_To do_
The listing is to be reproduced exactly, excluding its pictures.
━━━━━ Information shown ━━━━━
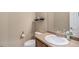 Cozy bathroom featuring a single sink vanity, toilet, and decorative wall shelf at 2558 Northview Pl, Castle Rock, CO 80104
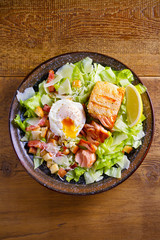 Salmon caesar salad. Crispy pan fried salmon fillet, bacon, poached egg, romaine lettuce and croutons in bowl on wooden table. overhead, vertical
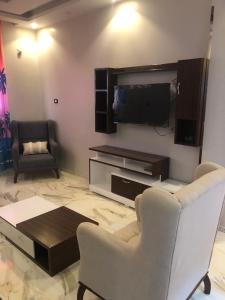 uma sala de estar com 2 cadeiras e uma televisão de ecrã plano em New Villa Carimo em El Quseir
━━━━━
_Response_
 Cozy bathroom featuring a single sink vanity, toilet, and decorative wall shelf at 2558 Northview Pl, Castle Rock, CO 80104
 Salmon caesar salad. Crispy pan fried salmon fillet, bacon, poached egg, romaine lettuce and croutons in bowl on wooden table. overhead, vertical
 uma sala de estar com 2 cadeiras e uma televisão de ecrã plano em New Villa Carimo em El Quseir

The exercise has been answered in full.